Vaccine Distribution

Oxford is working with the U.K.-based global biopharmaceutical company AstraZeneca for the further development, large-scale manufacture, and potential distribution of the vaccine, with plans for clinical development and production of the Oxford vaccine progressing globally.

Emergent BioSolutions Inc. will support the manufacturing of AstraZeneca’s vaccine candidate for COVID-19, AZD1222. Under the agreement, valued at approximately $87 million, Emergent will provide development services, technology transfer, analytical testing, drug substance process and performance qualification and will reserve certain large-scale manufacturing capacity through 2020.

Mike Neri, Emergent’s Senior Director of Corporate Communications tells GV Wire℠ by email, “The work is being done in Baltimore, Maryland.”

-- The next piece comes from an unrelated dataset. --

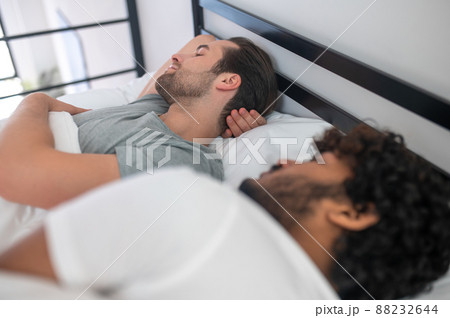 Two gay men dozing in their bedroom Two gay men dozing in their bedroom 88232644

AstraZeneca’s AZD1222 is one of several candidates supported by Operation Warp Speed (OWS), the U.S. government’s program to accelerate the development, manufacturing, and distribution of COVID-19 medical countermeasures.

Numerous countries including Germany, France, the Netherlands, Italy, U.S,. and the U.K. have all signed deals to receive hundreds of millions of doses of the Oxford vaccine.

Image of vaccine blood samples at Oxford University
Scientists at Oxford University say their experimental coronavirus vaccine has been shown in an early trial to prompt a protective immune response in hundreds of people who got the shot. In research published Monday, July 20, 2020, in the journal Lancet, scientists said that they found their experimental COVID-19 vaccine produced a dual immune response in people aged 18 to 55. (John Cairns, University of Oxford via AP)

‘Challenge’ Trial

Hill said researchers were also considering conducting a “challenge” trial by the end of 2020, an ethically controversial test where participants would be deliberately infected with COVID-19 after being immunized to see if the vaccine is effective.

“This has been done before in 19 different infectious diseases to develop vaccines and drugs and is likely to happen for COVID-19 as well,” he said.

Progress of Other Vaccines

Associated Press reported that Chinese researchers also published a study on their experimental COVID-19 vaccine in the Lancet on Monday. That vaccine uses a technique similar to Oxford’s. They reported that in a study of about 500 people, an immune response was detected in those who were immunized. But the Chinese scientists were unable to detect if people were protected from the disease because they weren’t exposed to COVID-19 afterwards.

Last week, American researchers announced that the first COVID-19 vaccine tested there boosted people’s immune systems just as scientists had hoped and the shots will now enter the final phase of testing. That vaccine, developed by the National Institutes of Health and Moderna, produced the molecules key to blocking infection in volunteers who got it, at levels comparable to people who survived a COVID-19 infection.